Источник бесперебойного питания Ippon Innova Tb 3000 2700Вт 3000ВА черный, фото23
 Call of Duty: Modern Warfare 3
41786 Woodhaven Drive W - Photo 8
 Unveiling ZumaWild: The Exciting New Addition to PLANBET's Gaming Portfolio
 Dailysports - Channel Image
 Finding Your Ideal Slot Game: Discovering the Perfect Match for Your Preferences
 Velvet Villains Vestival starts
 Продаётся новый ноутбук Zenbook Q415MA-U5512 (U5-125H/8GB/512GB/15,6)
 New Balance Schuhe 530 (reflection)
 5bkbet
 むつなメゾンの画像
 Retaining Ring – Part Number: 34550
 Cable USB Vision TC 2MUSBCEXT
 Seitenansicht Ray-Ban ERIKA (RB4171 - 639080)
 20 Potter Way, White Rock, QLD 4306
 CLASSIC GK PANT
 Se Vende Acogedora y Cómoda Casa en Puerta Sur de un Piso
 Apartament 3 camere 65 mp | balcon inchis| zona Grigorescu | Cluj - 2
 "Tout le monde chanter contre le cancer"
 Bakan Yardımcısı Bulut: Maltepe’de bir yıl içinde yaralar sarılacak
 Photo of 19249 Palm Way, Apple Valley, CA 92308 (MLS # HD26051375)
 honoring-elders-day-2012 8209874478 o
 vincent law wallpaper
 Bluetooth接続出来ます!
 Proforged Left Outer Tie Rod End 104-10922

-=-=-=-=-

§ What you have to do: Locate the lines above that hold the word "Photo". Show every one of them.

§ Problem solution:
41786 Woodhaven Drive W - Photo 8
 Photo of 19249 Palm Way, Apple Valley, CA 92308 (MLS # HD26051375)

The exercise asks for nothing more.